5. As a typical PCR will generate over 1 billion DNA molecules, each PCR mix should generate all the possible terminating fragments for that particular base, especially if only a small amount of ddNTP is used.

This results in multiple short strands of replicated DNA that are each terminated at a different point during replication.

6. When the fragments are separated using gel electrophoresis, the multiple newly replicated DNA strands form a ladder because of the differing sizes. Because the ddNTPs are labeled, each band on the gel reflects the size of the DNA strand and the ddNTP that terminated the reaction. The base sequence can be determined by ordering fragments according to length and ‘reading’ the gel or ladder from the bottom up.

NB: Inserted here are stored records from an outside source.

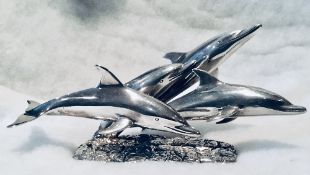 Sterling silver sculpture of dolphins leaping. A remarkable sculpture designed by M King & cast by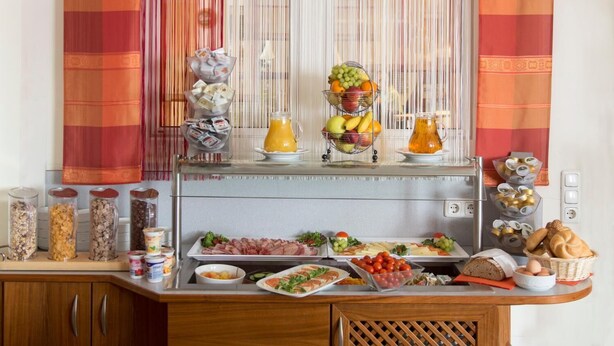 A buffet setup with various food items and beverages.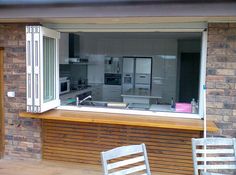 an open kitchen window with two chairs on the outside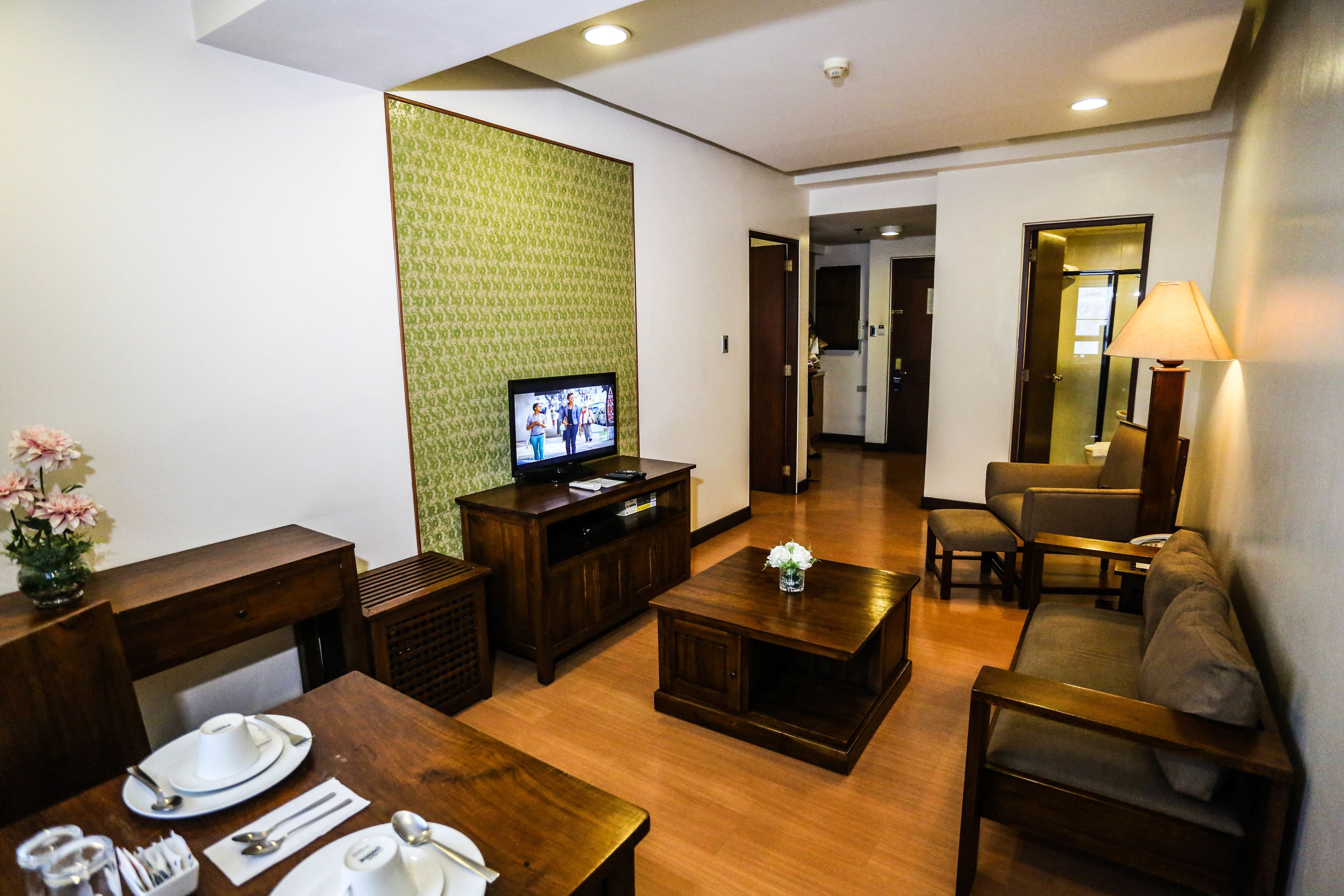 A hotel room with a wooden dining table set, a sofa, a television, and a green patterned wall.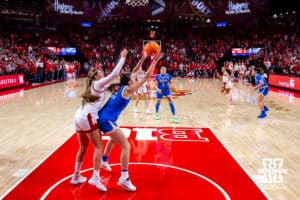 UCLA Bruin forward Gabriela Jaquez (11) grabs the rebound against Nebraska Cornhusker forward Petra Bozan (4) in the first quarter during a college women’s basketball game on Sunday, Jan. 11, 2026, in Lincoln, Nebraska. Photo by John S. Peterson.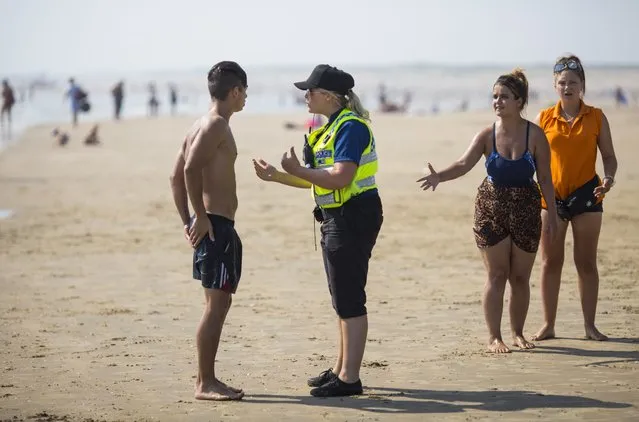 A police officer advises a swimmer to come in as the tide moves in on Camber Sands on August 25, 2016 in Rye, England. Five men were found dead after being pulled from the sea on the hottest day of the year yesterday in Camber Sands, East Sussex. (Photo by Jack Taylor/Getty Images)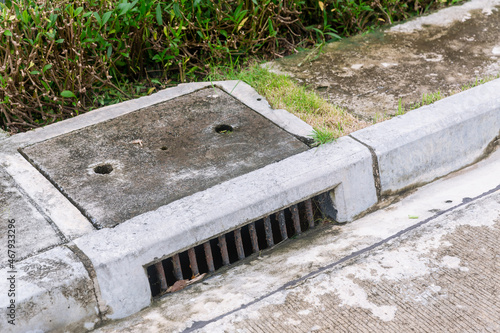 Sewer Drain along Road. A storm drain on the side of a road. Suburban street drain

This process has since been automated eliminating the need for high amounts of radioactivity or dealing with cumbersome gels. Instead, the ddNTPs are fluorescently labeled in different colors.

Template DNA could be sequenced in a single tube, containing all the required components, including all four dideoxynucleotides! That’s because the fluorescence detector in the sequencing machine separately sees all the short ddNTP-terminated fragments as they move through the electrophoretic gel.

After the sequencing reactions, the reaction products are electrophoresed on an ‘automated DNA sequencer’. UV light excites the migrating dye-terminated DNA fragments as they pass through a detector. The color of their fluorescence is detected, processed and sent to a computer, generating a color-coded graph known as Chromatogram like the one below, showing the order (and therefore length) of fragments passing the detector and thus, the sequence of the strand.

Image from https://www.genome.gov/genetics-glossary/DNA-Sequencing in Public Domain.

Second Generation and Next-generation Sequencing

The Sanger method of sequencing DNA is often called “first-generation” sequencing because they were the first to be developed. In the late 1990s, new methods, called second-generation sequencing methods, that were faster and cheaper, began to be developed.

We will learn about these newer techniques later in the semester as they have become useful tools for analyzing genome-wide gene expression and studies into the regulation of gene expression.